Below are some records. Return exactly their lines from the one containing "Select Windows Classic" through the one containing "Hello, welcome to", and drop the pictures.

Data supplied >>
• • • •
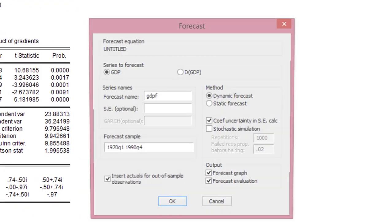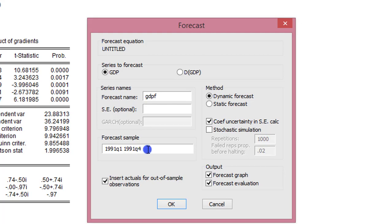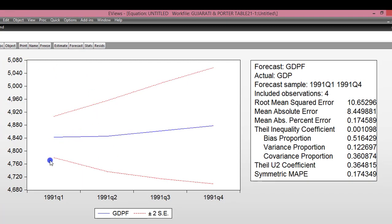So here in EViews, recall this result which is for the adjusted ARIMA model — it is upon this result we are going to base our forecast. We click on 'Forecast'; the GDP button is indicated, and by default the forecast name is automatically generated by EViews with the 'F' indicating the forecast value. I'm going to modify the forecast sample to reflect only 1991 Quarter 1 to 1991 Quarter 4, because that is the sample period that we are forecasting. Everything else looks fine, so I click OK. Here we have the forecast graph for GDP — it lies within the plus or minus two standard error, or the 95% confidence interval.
• • • •
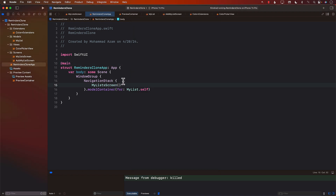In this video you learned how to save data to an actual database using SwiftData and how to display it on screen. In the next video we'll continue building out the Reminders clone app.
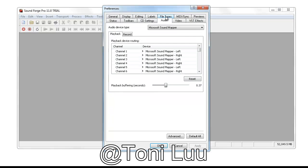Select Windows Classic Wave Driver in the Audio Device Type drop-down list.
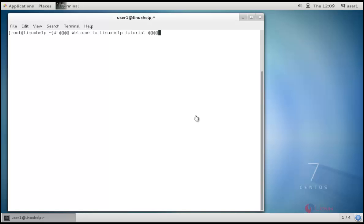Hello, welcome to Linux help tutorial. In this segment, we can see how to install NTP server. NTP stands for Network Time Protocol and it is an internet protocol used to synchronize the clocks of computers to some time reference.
• • • •
Result >>
Select Windows Classic Wave Driver in the Audio Device Type drop-down list.
Hello, welcome to Linux help tutorial. In this segment, we can see how to install NTP server. NTP stands for Network Time Protocol and it is an internet protocol used to synchronize the clocks of computers to some time reference.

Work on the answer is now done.